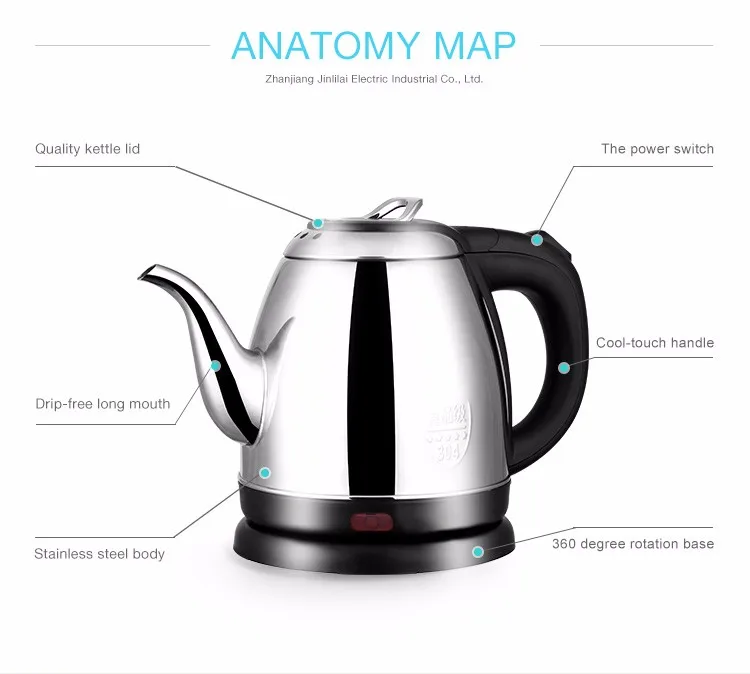 Teapot Anatomy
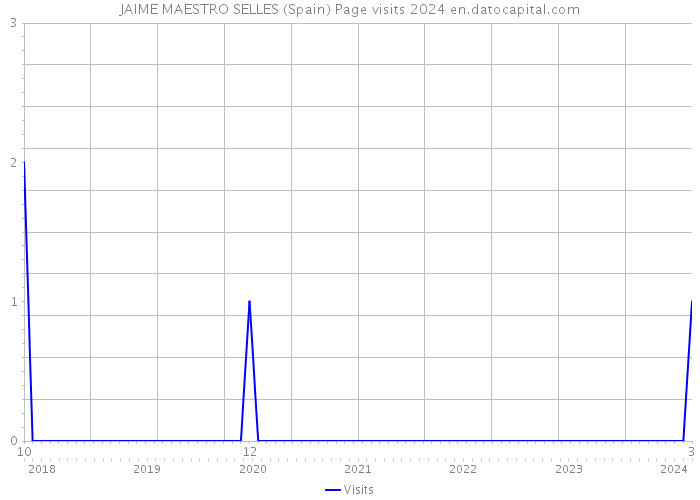 JAIME MAESTRO SELLES (Spain) Page visits 2024 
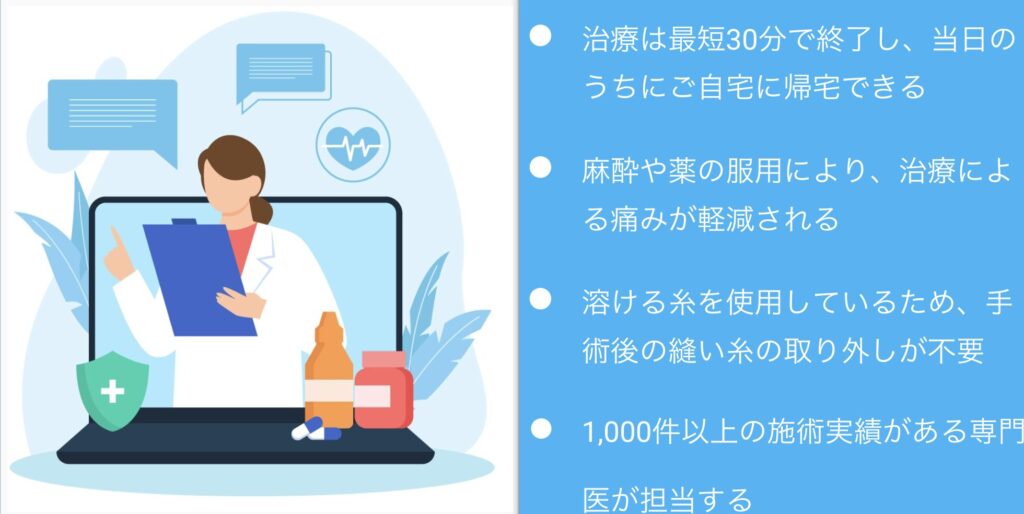 ファイヤーメンズクリニックの口コミを調査した結果は？当院の特徴まとめ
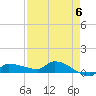 Channel Five tide chart for Monday, May 6, 2024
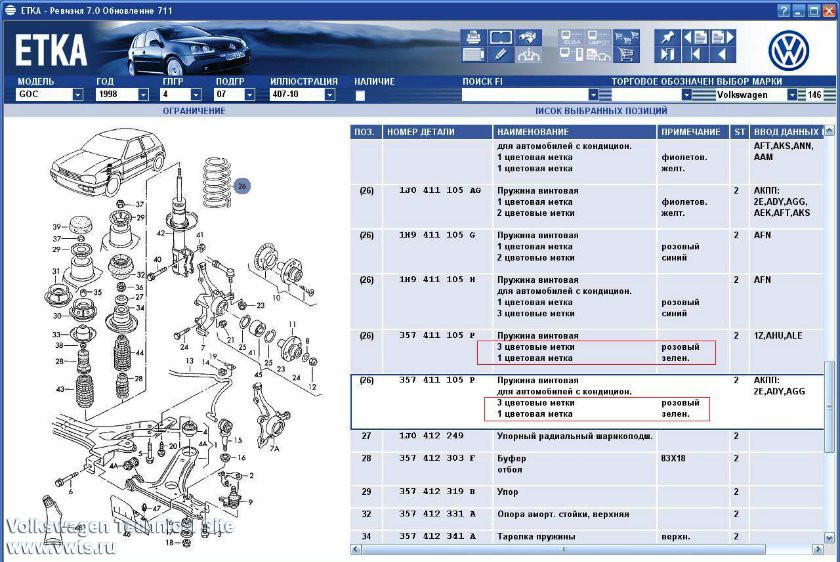 Цветовые метки на пружинах шкода: цветовое обозначение пружин - Страница 2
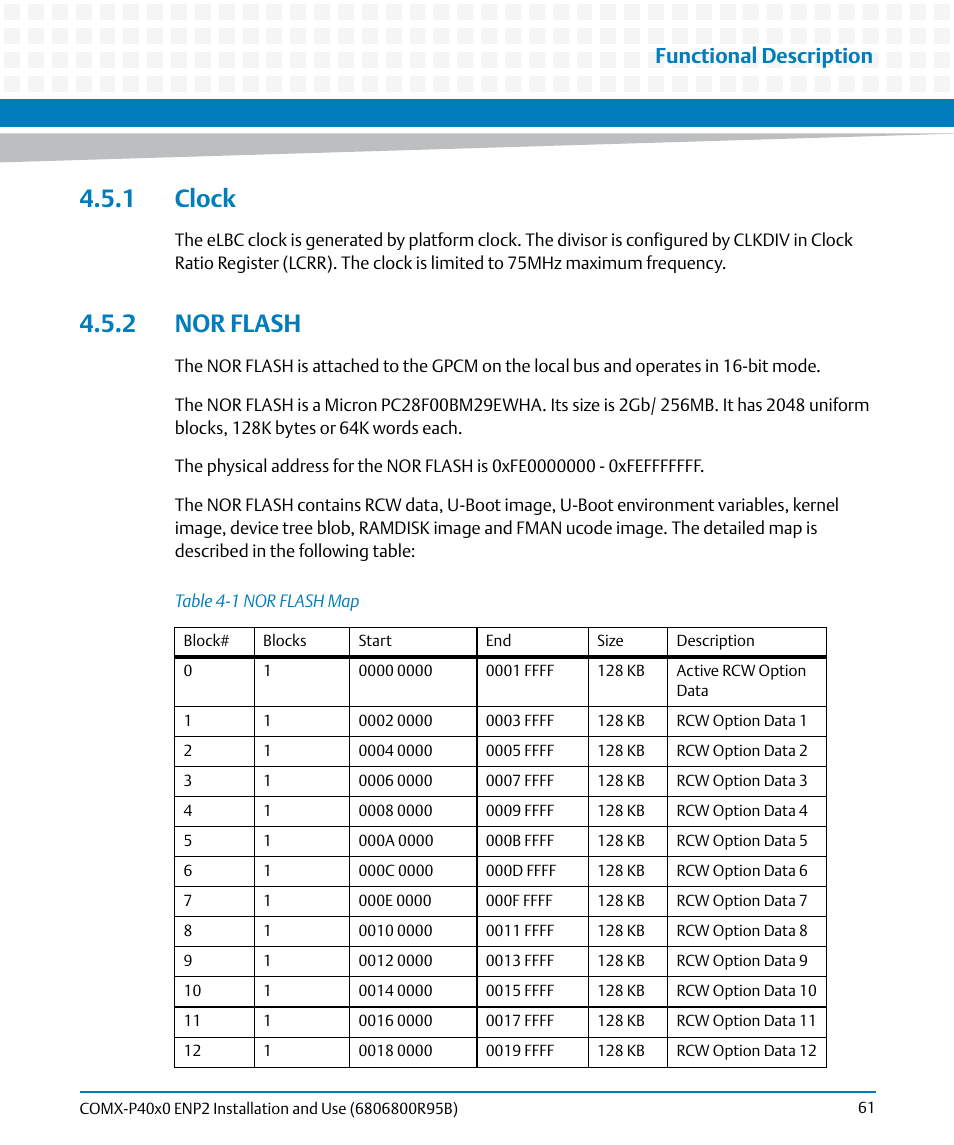 1 clock, 2 nor flash, 1 clock 4.5.2 nor flash | Table 4-1, Nor flash map, Functional description | Artesyn COMX-P40x0 ENP2 Installation and Use (August 2014) User Manual | Page 61 / 130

************

The task
Only the lines from the start of the records above through the line containing "Цветовые метки на" should be returned, exactly and with both ends, please; the pictures stay out.

Task solution
 Teapot Anatomy
 JAIME MAESTRO SELLES (Spain) Page visits 2024 
 ファイヤーメンズクリニックの口コミを調査した結果は？当院の特徴まとめ
 Channel Five tide chart for Monday, May 6, 2024
 Цветовые метки на пружинах шкода: цветовое обозначение пружин - Страница 2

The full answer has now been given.